Leke James

Personal information
- Full name: Leke Samson James
- Date of birth: 1 November 1992 (age 33)
- Place of birth: Kaduna, Nigeria
- Height: 1.88 m (6 ft 2 in)
- Position: Forward

Senior career*
- Years: Team / Apps / (Gls)
- 2009–2011: Bridge Boys / 45 / (39)
- 2012–2015: Aalesund / 90 / (37)
- 2016–2017: Beijing Enterprises Group / 26 / (13)
- 2018–2020: Molde / 59 / (33)
- 2021: Al Qadsiah / 10 / (2)
- 2021–2023: Sivasspor / 26 / (5)
- Total:  / 256 / (129)

= Leke James =

Nigerian footballer

Leke Samson James (born 1 November 1992) is a Nigerian professional footballer who plays as a forward.

==Club career==
===Early career===
He started out his career in his native homeland playing for Bridge Boys.

===Aalesund===
He transferred to Aalesund on 6 January 2012.

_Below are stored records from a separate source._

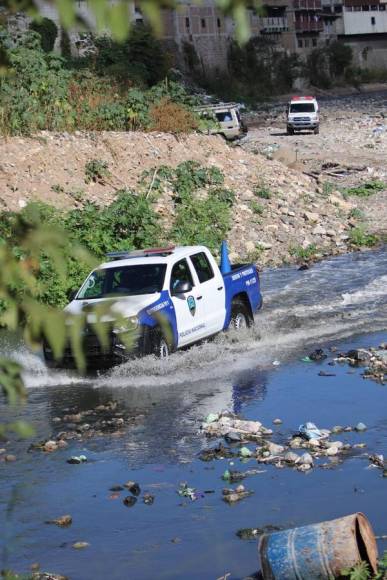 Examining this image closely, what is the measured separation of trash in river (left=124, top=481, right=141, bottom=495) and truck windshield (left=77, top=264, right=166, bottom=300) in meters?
5.64

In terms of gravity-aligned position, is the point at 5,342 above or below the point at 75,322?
below

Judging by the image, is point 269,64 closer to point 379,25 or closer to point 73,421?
point 379,25

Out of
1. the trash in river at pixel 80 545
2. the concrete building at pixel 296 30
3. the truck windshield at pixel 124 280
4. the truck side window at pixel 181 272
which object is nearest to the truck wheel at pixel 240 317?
the truck side window at pixel 181 272

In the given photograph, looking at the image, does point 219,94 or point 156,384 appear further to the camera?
point 219,94

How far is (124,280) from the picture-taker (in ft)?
55.2

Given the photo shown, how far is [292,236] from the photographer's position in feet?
97.3

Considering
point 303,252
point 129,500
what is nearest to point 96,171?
point 303,252

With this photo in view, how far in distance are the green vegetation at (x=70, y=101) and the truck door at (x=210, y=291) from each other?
12.0 meters

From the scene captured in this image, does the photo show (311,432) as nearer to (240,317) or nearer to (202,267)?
(202,267)

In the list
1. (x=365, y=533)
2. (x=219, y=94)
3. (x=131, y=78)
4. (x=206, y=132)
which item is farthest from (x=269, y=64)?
(x=365, y=533)

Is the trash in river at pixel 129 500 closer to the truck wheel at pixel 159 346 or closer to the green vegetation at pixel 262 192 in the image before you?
the truck wheel at pixel 159 346

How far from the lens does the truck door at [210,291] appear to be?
17.2m

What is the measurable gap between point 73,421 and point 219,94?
9023 cm

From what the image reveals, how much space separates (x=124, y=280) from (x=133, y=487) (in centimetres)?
627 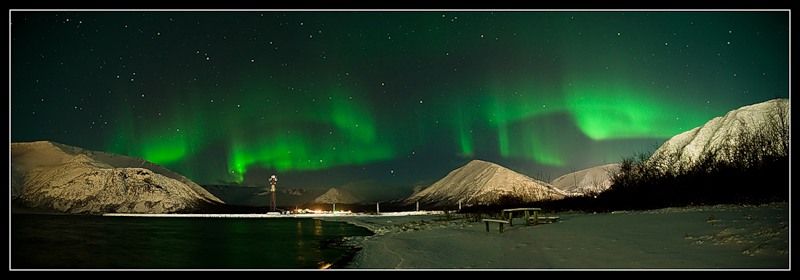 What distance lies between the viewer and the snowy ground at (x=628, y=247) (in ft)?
35.1

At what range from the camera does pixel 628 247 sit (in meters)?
13.0

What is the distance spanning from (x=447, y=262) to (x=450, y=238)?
6.86 m

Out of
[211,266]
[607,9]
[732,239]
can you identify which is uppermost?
[607,9]

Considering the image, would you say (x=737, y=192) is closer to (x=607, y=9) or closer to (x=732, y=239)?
(x=732, y=239)

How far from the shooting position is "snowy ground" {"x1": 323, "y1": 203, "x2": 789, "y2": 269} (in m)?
10.7

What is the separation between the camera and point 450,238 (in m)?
20.4

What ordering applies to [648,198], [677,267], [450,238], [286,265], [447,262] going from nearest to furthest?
[677,267] < [447,262] < [286,265] < [450,238] < [648,198]

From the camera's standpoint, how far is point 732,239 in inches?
463

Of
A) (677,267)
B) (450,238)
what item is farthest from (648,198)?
(677,267)

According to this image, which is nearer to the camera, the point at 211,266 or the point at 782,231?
the point at 782,231

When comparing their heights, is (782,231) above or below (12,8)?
below

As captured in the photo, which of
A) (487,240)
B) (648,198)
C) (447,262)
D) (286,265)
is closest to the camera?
(447,262) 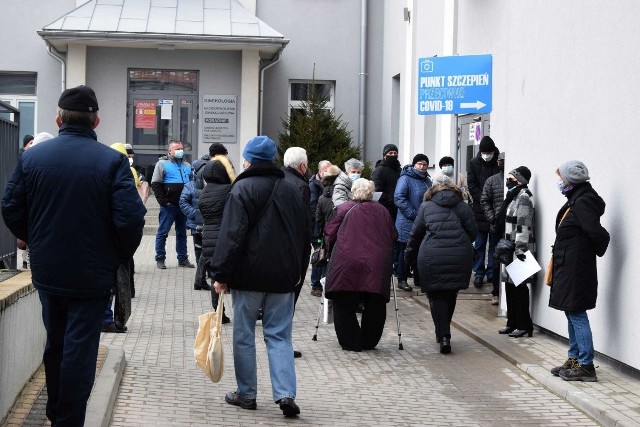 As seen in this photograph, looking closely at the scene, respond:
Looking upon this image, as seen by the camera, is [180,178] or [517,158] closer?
[517,158]

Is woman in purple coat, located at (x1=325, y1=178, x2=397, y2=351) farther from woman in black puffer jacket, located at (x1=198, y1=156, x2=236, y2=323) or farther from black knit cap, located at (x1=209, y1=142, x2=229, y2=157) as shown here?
black knit cap, located at (x1=209, y1=142, x2=229, y2=157)

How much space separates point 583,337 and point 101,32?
1709cm

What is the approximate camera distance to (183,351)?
10.2 meters

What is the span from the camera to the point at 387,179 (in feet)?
51.4

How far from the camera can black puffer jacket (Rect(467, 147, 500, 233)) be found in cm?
1466

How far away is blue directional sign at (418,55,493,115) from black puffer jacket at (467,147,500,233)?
2.71 ft

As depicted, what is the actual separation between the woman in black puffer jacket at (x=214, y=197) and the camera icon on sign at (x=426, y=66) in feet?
12.7

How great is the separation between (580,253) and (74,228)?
451cm

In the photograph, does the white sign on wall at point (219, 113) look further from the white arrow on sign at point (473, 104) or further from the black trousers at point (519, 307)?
the black trousers at point (519, 307)

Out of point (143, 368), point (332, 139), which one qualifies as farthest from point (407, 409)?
point (332, 139)

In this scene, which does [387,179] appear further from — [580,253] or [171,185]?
[580,253]

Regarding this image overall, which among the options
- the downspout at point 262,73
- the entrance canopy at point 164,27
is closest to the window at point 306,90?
the downspout at point 262,73

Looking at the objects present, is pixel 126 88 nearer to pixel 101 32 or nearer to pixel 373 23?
pixel 101 32

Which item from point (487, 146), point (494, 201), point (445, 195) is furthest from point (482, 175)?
point (445, 195) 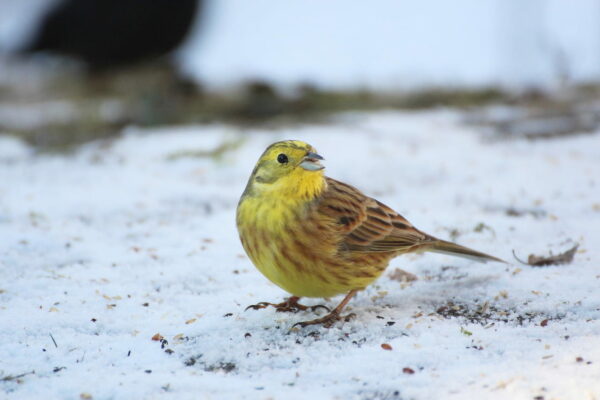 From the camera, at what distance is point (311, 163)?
3.67 m

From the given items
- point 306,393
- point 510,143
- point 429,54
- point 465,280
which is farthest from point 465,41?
point 306,393

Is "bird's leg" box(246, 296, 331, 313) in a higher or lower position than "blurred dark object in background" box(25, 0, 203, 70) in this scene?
lower

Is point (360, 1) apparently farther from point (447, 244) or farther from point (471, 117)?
point (447, 244)

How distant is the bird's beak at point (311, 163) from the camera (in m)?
3.65

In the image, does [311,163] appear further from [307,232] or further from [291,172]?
[307,232]

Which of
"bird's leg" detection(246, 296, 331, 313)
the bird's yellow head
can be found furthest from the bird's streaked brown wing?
"bird's leg" detection(246, 296, 331, 313)

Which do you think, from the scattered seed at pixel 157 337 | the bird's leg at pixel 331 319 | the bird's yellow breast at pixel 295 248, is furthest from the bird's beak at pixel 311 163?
the scattered seed at pixel 157 337

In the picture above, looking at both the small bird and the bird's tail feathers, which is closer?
the small bird

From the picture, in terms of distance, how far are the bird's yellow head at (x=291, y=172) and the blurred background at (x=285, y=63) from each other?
4.83 m

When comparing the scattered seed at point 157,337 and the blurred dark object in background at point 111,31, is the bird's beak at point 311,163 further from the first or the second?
the blurred dark object in background at point 111,31

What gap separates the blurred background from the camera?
9.39 metres

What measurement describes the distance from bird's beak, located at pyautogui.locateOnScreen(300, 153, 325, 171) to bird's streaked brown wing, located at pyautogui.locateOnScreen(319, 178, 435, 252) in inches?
7.7

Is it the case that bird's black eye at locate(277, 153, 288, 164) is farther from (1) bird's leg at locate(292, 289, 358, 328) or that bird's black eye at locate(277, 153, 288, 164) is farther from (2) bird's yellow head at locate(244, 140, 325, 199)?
(1) bird's leg at locate(292, 289, 358, 328)

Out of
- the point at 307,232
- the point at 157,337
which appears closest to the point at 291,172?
the point at 307,232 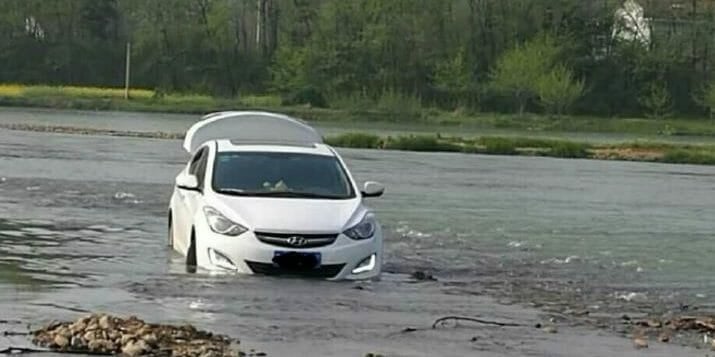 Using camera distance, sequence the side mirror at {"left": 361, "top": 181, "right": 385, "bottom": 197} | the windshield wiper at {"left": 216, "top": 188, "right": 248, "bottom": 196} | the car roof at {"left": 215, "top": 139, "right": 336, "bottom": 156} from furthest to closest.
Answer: the car roof at {"left": 215, "top": 139, "right": 336, "bottom": 156}
the side mirror at {"left": 361, "top": 181, "right": 385, "bottom": 197}
the windshield wiper at {"left": 216, "top": 188, "right": 248, "bottom": 196}

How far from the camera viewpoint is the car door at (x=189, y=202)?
17797 mm

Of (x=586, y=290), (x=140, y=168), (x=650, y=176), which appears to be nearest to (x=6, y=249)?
(x=586, y=290)

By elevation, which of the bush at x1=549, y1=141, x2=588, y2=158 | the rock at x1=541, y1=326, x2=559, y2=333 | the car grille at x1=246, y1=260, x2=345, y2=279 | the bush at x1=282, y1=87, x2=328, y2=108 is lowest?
the bush at x1=282, y1=87, x2=328, y2=108

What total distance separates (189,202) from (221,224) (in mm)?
1399

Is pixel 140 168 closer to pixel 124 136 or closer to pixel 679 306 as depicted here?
pixel 124 136

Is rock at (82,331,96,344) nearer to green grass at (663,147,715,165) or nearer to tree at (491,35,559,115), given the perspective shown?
green grass at (663,147,715,165)

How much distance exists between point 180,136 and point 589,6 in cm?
5008

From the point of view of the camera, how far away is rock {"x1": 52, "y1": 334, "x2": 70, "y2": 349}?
468 inches

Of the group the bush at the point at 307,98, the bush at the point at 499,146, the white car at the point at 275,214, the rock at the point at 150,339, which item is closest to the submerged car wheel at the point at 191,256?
the white car at the point at 275,214

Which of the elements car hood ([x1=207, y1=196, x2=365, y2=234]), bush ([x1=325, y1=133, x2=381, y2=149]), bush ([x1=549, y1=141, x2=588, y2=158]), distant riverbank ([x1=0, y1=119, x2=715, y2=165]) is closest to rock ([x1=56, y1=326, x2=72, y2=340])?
car hood ([x1=207, y1=196, x2=365, y2=234])

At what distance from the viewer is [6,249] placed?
19.7 m

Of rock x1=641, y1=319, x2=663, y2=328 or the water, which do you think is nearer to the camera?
the water

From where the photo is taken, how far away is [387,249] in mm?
21969

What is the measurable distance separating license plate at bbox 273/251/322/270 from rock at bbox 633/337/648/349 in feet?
12.4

An injury obtained during pre-season hindered his path into the first team and he did not get back into full training until the start of July. On 26 July 2012 he made his first appearance for Aalesund coming on as a substitute at the start of the second half of the game versus Tirana in Europe League scoring twice in Aalesund's 5–0 win. On 29 July 2012 he made his debut in Tippeligaen and also started his first match, against Stabæk.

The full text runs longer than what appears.